Beninteso: il film è ambientato ai tempi dello schiavismo negli Stati dell’America del Sud, e lo schiavismo è una verità storica. Ma, guardando il film di Tarantino, più che alla Storia, viene da pensare al cinema; e cioè a come il cinema ha già trattato i temi e i personaggi del film (che abbonda del resto di citazioni cinematografiche). I primi film che vengono in mente sono i western, dal momento che i due protagonisti di Django sono cacciatori di taglie. E non soltanto i western americani, ma anche le loro più tarde imitazioni italiane (i cosiddetti: “spaghetti western”).
I western raccontavano la nascita di una nazione, trasfigurata in un mito. Le imitazioni italiane erano, per così dire, il mito di un mito. Il film di Tarantino, che arriva per ultimo in questa trafila, è il mito di un mito di un mito; o se preferite, un’imitazione di terzo grado. Dietro tanti schermi, si capisce come il senso della verità si sia quasi del tutto volatilizzato. E parlo appunto di verità artistica. Consideriamo i due protagonisti del film.

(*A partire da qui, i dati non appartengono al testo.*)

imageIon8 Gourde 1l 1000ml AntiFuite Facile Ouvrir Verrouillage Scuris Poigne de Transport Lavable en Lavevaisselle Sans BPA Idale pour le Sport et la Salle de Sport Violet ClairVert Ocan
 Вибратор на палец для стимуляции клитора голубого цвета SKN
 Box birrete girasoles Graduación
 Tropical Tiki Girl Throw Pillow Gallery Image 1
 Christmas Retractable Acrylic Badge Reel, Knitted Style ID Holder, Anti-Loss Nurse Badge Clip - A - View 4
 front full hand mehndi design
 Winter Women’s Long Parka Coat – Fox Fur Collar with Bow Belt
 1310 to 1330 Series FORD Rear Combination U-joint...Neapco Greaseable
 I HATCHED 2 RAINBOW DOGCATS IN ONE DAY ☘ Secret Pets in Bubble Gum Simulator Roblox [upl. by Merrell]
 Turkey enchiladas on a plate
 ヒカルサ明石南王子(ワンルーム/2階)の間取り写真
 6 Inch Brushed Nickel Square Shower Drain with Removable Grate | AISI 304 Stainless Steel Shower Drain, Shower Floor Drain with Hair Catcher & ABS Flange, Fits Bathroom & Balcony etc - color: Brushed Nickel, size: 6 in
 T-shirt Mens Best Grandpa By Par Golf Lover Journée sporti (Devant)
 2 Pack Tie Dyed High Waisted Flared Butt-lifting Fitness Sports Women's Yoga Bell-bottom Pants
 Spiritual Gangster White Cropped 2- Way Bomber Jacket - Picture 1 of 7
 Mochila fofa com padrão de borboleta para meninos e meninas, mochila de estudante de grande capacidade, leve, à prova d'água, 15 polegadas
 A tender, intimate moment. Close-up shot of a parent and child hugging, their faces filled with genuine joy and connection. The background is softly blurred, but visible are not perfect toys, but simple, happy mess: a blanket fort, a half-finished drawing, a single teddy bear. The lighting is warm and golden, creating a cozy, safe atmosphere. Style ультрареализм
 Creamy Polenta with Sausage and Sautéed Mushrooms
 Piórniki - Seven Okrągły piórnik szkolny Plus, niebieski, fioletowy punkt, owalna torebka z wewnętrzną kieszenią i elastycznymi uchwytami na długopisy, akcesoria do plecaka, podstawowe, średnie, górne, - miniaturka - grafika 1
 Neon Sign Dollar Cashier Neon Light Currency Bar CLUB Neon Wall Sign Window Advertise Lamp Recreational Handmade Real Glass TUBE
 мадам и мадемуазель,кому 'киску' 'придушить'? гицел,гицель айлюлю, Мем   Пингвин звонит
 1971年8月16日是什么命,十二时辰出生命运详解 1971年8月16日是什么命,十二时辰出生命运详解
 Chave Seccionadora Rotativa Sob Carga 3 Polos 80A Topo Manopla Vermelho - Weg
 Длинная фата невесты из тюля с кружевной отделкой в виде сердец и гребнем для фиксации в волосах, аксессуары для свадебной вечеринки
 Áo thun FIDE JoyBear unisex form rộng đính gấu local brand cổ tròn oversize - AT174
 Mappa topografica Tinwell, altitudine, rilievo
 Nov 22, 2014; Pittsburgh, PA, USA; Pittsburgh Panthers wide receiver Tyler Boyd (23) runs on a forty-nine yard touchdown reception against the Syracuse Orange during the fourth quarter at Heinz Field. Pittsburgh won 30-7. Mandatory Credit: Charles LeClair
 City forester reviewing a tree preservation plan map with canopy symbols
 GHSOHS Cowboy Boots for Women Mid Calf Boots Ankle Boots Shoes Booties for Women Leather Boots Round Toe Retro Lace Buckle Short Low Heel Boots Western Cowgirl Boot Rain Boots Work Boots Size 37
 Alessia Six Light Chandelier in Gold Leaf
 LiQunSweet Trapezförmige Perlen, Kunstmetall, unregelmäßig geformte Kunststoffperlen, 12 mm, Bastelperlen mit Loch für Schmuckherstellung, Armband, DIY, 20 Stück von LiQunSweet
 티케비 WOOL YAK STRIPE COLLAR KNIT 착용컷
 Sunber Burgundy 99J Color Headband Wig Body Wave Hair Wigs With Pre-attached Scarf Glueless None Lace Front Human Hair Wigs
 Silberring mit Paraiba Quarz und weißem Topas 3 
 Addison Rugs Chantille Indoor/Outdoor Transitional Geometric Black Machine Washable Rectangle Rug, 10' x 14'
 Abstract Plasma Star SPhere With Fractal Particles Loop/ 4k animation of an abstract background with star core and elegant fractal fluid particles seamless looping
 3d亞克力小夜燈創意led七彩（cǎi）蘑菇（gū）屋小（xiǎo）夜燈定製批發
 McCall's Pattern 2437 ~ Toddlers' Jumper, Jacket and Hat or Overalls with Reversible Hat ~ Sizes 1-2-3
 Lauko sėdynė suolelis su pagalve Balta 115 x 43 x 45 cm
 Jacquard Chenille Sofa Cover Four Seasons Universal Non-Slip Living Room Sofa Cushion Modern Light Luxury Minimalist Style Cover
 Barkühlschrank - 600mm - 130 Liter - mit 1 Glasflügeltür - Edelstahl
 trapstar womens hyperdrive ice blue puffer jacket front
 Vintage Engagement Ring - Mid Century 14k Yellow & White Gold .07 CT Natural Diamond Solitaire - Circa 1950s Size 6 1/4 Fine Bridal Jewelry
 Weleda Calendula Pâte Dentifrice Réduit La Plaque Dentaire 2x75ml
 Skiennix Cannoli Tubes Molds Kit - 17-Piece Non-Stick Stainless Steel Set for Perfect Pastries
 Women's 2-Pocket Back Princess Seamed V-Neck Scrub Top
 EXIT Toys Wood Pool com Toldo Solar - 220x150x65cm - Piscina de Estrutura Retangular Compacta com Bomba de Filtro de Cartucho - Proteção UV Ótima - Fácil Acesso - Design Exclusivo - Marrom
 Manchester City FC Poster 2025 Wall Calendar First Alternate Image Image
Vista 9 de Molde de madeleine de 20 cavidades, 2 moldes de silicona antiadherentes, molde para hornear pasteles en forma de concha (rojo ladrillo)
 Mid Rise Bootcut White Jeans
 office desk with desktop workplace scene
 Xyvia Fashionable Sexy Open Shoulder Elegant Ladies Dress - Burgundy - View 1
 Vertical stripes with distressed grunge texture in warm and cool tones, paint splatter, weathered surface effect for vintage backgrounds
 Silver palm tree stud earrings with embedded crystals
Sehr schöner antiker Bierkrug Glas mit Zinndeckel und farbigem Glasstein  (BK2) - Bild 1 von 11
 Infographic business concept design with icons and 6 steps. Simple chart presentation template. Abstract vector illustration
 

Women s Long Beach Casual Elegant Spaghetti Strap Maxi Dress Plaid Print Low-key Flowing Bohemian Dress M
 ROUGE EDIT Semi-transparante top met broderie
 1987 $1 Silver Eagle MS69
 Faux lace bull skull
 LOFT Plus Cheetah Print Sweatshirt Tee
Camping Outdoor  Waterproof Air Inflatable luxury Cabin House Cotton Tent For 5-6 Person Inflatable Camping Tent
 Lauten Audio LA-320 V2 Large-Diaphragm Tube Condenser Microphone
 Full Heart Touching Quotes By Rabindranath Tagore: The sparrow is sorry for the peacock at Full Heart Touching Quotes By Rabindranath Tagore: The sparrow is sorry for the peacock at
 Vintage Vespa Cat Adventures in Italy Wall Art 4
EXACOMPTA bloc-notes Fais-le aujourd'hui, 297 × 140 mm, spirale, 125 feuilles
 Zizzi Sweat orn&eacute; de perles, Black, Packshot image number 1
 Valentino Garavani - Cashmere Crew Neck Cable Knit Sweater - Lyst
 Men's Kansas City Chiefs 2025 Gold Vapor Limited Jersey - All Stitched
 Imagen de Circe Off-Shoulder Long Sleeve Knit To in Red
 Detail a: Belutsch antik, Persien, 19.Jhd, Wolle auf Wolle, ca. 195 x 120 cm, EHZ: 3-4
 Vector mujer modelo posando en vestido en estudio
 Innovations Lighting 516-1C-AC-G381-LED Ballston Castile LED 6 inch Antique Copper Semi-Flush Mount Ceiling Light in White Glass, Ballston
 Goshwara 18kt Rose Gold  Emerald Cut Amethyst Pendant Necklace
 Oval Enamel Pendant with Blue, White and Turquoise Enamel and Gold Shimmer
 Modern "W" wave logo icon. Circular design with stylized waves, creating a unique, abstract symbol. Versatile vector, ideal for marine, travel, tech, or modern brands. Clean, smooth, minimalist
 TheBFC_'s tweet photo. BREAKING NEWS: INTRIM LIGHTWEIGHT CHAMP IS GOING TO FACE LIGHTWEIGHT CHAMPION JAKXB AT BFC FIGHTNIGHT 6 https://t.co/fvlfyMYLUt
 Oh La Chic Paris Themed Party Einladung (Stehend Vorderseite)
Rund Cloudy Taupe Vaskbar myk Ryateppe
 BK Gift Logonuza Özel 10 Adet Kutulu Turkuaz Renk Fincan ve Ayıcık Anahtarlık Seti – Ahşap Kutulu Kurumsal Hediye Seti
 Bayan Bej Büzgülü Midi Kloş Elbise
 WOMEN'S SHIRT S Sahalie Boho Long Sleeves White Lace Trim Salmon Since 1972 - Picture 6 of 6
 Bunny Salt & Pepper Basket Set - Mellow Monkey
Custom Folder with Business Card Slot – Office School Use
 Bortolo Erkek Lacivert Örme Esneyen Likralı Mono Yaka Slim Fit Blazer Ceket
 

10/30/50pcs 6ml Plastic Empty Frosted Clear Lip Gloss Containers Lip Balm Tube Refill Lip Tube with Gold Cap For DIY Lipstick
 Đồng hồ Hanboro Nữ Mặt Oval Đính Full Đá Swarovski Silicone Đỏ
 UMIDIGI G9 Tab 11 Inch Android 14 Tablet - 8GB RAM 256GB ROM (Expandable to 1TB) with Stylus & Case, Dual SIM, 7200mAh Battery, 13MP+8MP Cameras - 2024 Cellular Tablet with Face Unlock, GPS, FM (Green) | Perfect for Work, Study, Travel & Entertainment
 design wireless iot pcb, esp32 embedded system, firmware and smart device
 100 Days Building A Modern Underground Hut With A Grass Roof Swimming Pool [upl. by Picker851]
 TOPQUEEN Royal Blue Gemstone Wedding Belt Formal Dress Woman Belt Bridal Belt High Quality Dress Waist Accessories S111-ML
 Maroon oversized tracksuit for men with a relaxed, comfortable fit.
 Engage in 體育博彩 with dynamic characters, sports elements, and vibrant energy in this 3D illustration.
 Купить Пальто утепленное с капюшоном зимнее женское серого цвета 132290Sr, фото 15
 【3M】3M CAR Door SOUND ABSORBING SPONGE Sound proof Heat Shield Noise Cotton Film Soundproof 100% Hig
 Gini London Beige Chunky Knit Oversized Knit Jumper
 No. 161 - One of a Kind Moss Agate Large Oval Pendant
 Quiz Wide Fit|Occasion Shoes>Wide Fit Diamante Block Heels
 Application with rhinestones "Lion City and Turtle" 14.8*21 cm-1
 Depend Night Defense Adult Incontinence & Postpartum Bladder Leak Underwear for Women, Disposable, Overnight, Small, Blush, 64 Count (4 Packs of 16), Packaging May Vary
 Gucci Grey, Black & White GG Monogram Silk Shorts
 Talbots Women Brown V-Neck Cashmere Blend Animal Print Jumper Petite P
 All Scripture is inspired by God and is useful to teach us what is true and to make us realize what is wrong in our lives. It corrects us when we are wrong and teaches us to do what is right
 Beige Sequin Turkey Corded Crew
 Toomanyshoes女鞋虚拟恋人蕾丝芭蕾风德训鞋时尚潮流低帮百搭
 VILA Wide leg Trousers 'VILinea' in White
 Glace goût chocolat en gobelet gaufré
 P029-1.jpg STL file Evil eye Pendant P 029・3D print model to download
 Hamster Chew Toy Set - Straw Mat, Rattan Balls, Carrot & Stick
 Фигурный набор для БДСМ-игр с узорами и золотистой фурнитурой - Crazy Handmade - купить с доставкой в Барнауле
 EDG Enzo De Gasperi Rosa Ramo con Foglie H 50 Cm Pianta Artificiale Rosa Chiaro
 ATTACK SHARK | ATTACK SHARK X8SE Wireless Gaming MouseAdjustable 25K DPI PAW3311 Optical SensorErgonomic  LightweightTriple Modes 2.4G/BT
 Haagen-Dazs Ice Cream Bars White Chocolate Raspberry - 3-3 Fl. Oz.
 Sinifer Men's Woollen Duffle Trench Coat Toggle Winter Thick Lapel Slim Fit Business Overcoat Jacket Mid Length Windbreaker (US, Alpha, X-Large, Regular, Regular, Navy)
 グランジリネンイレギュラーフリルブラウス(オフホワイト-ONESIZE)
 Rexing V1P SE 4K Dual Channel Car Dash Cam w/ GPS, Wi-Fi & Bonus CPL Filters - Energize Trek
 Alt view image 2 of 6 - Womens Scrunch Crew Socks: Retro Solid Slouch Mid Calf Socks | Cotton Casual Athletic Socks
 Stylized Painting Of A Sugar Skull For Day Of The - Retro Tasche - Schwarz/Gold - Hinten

Il cacciatore di taglie bianco veste da gentiluomo; parla in modo quasi ridicolmente forbito; ma ha la rivoltella così rapida che può compiere un massacro a bruciapelo. Il suo alleato nero, Django appunto, è la maschera della vendetta. Ma sotto un’apparenza fredda e spietata, nasconde un cuore tenero: è capace di sottoporsi a prove pericolosissime e a sofferenze inaudite, pur di liberare dalla schiavitù la ragazza di cui è innamorato. Si tratta appunto di maschere, di clichés, di meccanismi elementari. Del resto Tarantino non pretende che crediamo alla loro verità, così come a quella dei comprimari; o delle tante stragi di cui i due sono autori, folgoranti come le gag di un film comico.
Django unchained è, in gran parte, l’accurato, appassionato rifacimento dei film di un certo filone; e allo stesso tempo è la loro parodia. Ma allora tutto è falso nel film di Tarantino? Questa sarebbe una conclusione frettolosa, perché a contrasto con la falsità dominante, sono incuneati nel film dei momenti di lancinante verità.
Ecco per esempio un flashback dove il volto di uno schiavo, ingabbiato da una museruola, con gli occhi disorientati dal terrore – è stato catturato dopo un tentativo di fuga – è di fronte al volto del suo padrone che, non senza compiacimento, gli illustra la punizione tremenda che gli sarà inflitta. Oppure: nel salotto di un giovane gentiluomo, tra il divano e il caminetto, si intravvedono dei bagliori di corpi nudi. Scopriamo presto che sono due lottatori neri avvinghiati tra loro, che per il gusto del padrone di casa e dei suoi ospiti sono fatti combattere fino al massacro più cruento dello sconfitto.
O si pensi alla tante schiene nude, di uomini ma anche di una giovane donna, sfregiate dai colpi di frusta (il cui sibilo è evocato in uno dei brani principali della colonna sonora). Un po’ come nei romanzi del marchese de Sade, dove gli ambienti sono avvolti da un’aura leggendaria o favolosa, nel film di Tarantino a essere veri, perché sadicamente “sentiti”, sono i dettagli più crudeli del racconto. Hanno tutto il fascino delle cose proibite. Ma è un fascino che si accompagna sempre al senso del Male.